=== Begin Enclosure ===
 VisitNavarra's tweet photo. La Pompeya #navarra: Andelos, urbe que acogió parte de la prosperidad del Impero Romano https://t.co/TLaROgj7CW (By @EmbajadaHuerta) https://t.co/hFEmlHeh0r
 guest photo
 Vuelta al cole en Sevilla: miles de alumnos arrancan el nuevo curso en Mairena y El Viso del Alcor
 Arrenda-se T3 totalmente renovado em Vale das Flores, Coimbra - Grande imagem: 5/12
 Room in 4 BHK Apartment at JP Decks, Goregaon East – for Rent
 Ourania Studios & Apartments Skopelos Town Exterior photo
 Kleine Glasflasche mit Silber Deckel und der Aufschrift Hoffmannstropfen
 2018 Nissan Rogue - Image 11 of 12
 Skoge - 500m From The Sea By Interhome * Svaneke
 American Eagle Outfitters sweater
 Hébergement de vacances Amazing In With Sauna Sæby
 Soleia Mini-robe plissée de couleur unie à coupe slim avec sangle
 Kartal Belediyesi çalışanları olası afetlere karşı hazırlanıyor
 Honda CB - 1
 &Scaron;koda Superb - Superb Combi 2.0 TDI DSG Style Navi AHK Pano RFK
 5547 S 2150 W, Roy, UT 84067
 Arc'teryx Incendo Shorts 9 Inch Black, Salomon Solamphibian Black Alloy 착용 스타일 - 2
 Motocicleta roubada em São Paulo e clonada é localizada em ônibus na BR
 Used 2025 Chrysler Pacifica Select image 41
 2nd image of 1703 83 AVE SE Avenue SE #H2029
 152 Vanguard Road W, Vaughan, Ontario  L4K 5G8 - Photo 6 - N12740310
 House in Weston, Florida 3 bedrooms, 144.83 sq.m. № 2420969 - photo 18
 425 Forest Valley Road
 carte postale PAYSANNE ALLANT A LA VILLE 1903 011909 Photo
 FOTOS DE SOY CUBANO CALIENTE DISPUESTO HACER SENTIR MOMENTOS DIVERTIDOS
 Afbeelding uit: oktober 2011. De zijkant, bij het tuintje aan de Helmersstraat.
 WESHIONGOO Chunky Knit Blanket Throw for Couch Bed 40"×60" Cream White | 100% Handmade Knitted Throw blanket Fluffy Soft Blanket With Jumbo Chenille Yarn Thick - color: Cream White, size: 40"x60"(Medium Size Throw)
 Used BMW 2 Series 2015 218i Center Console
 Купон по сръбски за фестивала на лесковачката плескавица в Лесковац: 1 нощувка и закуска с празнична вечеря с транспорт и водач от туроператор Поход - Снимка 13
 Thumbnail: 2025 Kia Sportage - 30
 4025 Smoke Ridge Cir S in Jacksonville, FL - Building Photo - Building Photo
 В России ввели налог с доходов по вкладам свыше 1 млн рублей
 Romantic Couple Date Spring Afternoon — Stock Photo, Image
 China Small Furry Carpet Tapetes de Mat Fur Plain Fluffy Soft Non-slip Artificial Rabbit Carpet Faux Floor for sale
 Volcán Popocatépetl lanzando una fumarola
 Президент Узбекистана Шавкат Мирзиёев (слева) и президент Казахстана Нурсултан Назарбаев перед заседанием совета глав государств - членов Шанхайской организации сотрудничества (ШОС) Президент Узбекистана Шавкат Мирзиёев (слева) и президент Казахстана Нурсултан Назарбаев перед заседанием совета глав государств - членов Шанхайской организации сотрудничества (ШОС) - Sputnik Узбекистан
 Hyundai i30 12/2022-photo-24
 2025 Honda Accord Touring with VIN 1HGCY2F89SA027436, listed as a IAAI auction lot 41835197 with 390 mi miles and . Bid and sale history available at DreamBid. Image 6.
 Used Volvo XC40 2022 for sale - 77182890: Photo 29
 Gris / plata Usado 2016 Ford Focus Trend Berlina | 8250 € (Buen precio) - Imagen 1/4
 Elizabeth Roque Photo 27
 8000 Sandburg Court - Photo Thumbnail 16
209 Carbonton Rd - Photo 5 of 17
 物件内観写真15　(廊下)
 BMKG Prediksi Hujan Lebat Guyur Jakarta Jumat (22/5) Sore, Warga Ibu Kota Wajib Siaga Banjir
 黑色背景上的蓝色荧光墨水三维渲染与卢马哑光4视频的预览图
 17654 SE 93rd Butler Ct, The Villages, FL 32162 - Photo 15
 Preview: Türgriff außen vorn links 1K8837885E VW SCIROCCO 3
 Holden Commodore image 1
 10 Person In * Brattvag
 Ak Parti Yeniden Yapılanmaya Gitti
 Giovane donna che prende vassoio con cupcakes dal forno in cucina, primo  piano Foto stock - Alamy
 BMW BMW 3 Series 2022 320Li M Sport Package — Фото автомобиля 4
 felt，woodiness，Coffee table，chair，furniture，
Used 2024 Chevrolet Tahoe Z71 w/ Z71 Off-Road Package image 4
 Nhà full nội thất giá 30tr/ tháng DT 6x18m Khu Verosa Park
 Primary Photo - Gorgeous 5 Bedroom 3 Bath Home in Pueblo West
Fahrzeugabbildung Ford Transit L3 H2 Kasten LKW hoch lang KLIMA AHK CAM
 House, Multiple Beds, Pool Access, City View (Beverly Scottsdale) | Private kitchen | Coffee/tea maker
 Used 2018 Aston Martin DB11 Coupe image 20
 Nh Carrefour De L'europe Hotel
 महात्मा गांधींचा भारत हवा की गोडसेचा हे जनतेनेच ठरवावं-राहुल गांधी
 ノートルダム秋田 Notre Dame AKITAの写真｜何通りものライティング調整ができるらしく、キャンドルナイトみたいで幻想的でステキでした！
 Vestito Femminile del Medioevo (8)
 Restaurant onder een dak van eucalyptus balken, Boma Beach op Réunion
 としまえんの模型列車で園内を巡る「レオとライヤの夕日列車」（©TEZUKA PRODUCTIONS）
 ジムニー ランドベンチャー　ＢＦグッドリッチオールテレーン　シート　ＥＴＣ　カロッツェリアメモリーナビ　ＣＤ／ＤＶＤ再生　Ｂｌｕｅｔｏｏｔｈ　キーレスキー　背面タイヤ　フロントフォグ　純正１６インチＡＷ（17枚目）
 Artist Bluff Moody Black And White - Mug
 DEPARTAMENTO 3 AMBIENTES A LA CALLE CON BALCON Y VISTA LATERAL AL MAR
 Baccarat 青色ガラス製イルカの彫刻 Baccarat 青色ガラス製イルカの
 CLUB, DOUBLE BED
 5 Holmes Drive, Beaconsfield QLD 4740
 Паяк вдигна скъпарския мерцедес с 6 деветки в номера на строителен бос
=== End Enclosure ===
▶ [DESCRIPTION OF THE TASK]:
Would you copy, unchanged, the stretch of the records above that begins at the line containing "Купон по сръбски" and ends at the line containing "BMKG Prediksi Hujan", and only that?

▶ [ANSWER SECTION]:
 Купон по сръбски за фестивала на лесковачката плескавица в Лесковац: 1 нощувка и закуска с празнична вечеря с транспорт и водач от туроператор Поход - Снимка 13
 Thumbnail: 2025 Kia Sportage - 30
 4025 Smoke Ridge Cir S in Jacksonville, FL - Building Photo - Building Photo
 В России ввели налог с доходов по вкладам свыше 1 млн рублей
 Romantic Couple Date Spring Afternoon — Stock Photo, Image
 China Small Furry Carpet Tapetes de Mat Fur Plain Fluffy Soft Non-slip Artificial Rabbit Carpet Faux Floor for sale
 Volcán Popocatépetl lanzando una fumarola
 Президент Узбекистана Шавкат Мирзиёев (слева) и президент Казахстана Нурсултан Назарбаев перед заседанием совета глав государств - членов Шанхайской организации сотрудничества (ШОС) Президент Узбекистана Шавкат Мирзиёев (слева) и президент Казахстана Нурсултан Назарбаев перед заседанием совета глав государств - членов Шанхайской организации сотрудничества (ШОС) - Sputnik Узбекистан
 Hyundai i30 12/2022-photo-24
 2025 Honda Accord Touring with VIN 1HGCY2F89SA027436, listed as a IAAI auction lot 41835197 with 390 mi miles and . Bid and sale history available at DreamBid. Image 6.
 Used Volvo XC40 2022 for sale - 77182890: Photo 29
 Gris / plata Usado 2016 Ford Focus Trend Berlina | 8250 € (Buen precio) - Imagen 1/4
 Elizabeth Roque Photo 27
 8000 Sandburg Court - Photo Thumbnail 16
209 Carbonton Rd - Photo 5 of 17
 物件内観写真15　(廊下)
 BMKG Prediksi Hujan Lebat Guyur Jakarta Jumat (22/5) Sore, Warga Ibu Kota Wajib Siaga Banjir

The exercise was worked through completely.